We’ve long believed fingerprints are like snowflakes, each one unique. This belief has allowed examiners to testify with a reasonable degree of scientific certainty that their conclusion (pointing at the defendant), “his prints were on the gun,” was true. Sure, there are the problems with human examiners seeing what they believed when determining whether the prints matched, because human error can always make science look bad, but the fingerprints themselves?
And sure, the number of matches, of “loops, arches and whorls,” which started at seven so many years ago and has since grown, and grown, and grown again, certainly suggested that examiners may have assumed too much in the early days, even though they testified then as now that their conclusions were both scientific and irrefutable. But now? Well, now they’re really conclusive. Don’t worry your silly non-scientific head about it.
The one constant in the use of fingerprint identification is the belief that prints were unique, that no two people would have the same “loops, arches and whorls” as another person, and so the examiner could authoritatively state that “his prints were on the gun.” Not maybe or sorta, but definitively.
And, indeed, recognition is slowly creeping in, not from the judicial side of the equation despite the putative role of judges as gatekeepers, but from the science side where the disgrace of constantly realizing that serious science is reduced to a joke by courtroom exaggeration of forensic “experts.”

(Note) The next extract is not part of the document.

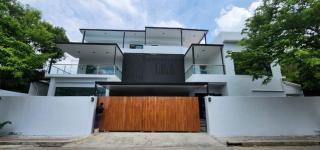ให้เช่า Home office หรู 3 ชั้น 600 ตรม. สุขุมวิท71 ปรีดีพนมยงค์26 ใกล้ทางด่วน ใกล้ BTS พระโขนง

While the Uniform Language forbids an examiner from making “the unsupportable claim that the pattern of features in two prints come from the same source to the exclusion of all others,” Holt said in his letter to the Justice Department, “it does allow examiners to say they ‘would not expect to see that same arrangement of features repeated in an impression that came from a different source.’”
See the cool trick played there? A bit of rhetoerical legerdemain and a false statement is wiggled into a quasi-accurate statement that is artfully designed to create the same false impression. They “would not expect” it? Crafty wording there.
But before believing that this call to cast facts before swine will turn trial from games to the “search for the truth” we keep pretending we can achieve, consider what the AAAS argues should be the accepted testimony from fingerprint examiners.
The Justice Department’s guidelines, Holt proposed, should instead instruct examiners to adopt more tempered language, which is backed by scientific evidence and steers clear of unsupportable claims.
Such language would allow examiners to note when two fingerprints display “a great deal of detail with no differences,” Holt proposed. Yet, such an observation would have to be accompanied with the admission that, “There is no way to determine how many other people might have a finger with a corresponding set of ridge features, but it is my opinion that this set of features would be unusual.”
Nuanced. More accurate, provided you squint a bit to gloss over the vagary of “a great deal of detail,” which defies precise definition. But to the ears of jurors who have been weaned on a belief that fingerprints are golden, if not platinum, will it make any difference in their understanding of the fact that “unusual” isn’t the same as conclusive?
And what of the gatekeepers, our judges, who have similarly been weaned on the admissibility of prints when they weren’t accurate means of identification but were allowed to be offered anyway? Will they revisit historical decisions to reject expert testimony that is calculated to prejudice the jury with junk science and the false certainty of its practitioners? After all, what juror is equipped to reject the testimony of a fingerprint examiner who testifies that it would be “unusual” rather than to a reasonable degree of scientific certainty? They’re still admitted as experts, and the jurors are not.
What we keep learning as science advances is how many of the things in which we believe turn out to be not quite as believable as we thought. Yet, we invariably ignore this constant under the belief that at this stage in scientific development, we finally have a conclusive answer, just as we believed that a decade ago, 50 years ago, 100 years ago. Of course, we were wrong then, but surely we’re right this time.